Conservative estimates on the value of battery storage from the Australian Energy Market Operator highlight the institutional barriers faced by Australia as it seeks to shift to a low-carbon grid, ACT climate and energy minister Simon Corbell has said.
Corbell says the chair of AEMO told the pivotal COAG energy ministers meeting in Canberra a fortnight ago that it may be 10-20 years until battery storage would be able to exert an influence on grid stability and support.
“I was amused,” Corbell told the Energy Disruption conference co-hosted by RenewEconomy in Sydney on Wednesday.
“It was a remarkably conservative and pessimistic view of a technology that is showing a trend of rapid cost falls …. And it highlights some of the challenges we face in the design of our energy markets when that sort of presentation is being made to decision makers at COAG level.”
Corbell pointed to the ACT’s own program, which will see 36MW of battery storage installed in 5,000 homes and businesses in Canberra, and which would avoid $200-$220 million of infrastructure costs (from grid upgrades and maintenance).

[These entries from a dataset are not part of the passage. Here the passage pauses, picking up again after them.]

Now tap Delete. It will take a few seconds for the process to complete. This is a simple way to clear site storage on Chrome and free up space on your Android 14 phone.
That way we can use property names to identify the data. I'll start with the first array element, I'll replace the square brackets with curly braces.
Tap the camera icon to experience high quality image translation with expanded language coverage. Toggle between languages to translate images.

However, Corbell also said he was confident that change was afoot at the COAG level – despite what he saw as resistance from AEMO and the main policy maker, the Australian Energy Markets Commission.

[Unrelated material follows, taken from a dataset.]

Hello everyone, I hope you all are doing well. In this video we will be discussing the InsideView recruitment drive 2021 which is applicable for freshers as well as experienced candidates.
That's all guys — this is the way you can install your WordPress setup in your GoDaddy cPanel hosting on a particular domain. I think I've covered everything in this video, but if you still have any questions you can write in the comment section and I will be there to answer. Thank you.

“The recent meeting of COAG energy ministers was widely reported as emphasising the importance of gas distribution and competition in gas markets, to manage intermittency.
“A more significant decision was that for the first time every state and territory agreed that the NEM (National Electricity Market) has to be affordable and reliable for consumers, and it has to be sustainable.
“That sort of language would have been unheard of 18 months ago,” he said. “That was a step change in terms of the culture and environment of the COAG meeting. Whether that will be realised in terms of policy making remains to be seen, but it is clear that transition is under way.”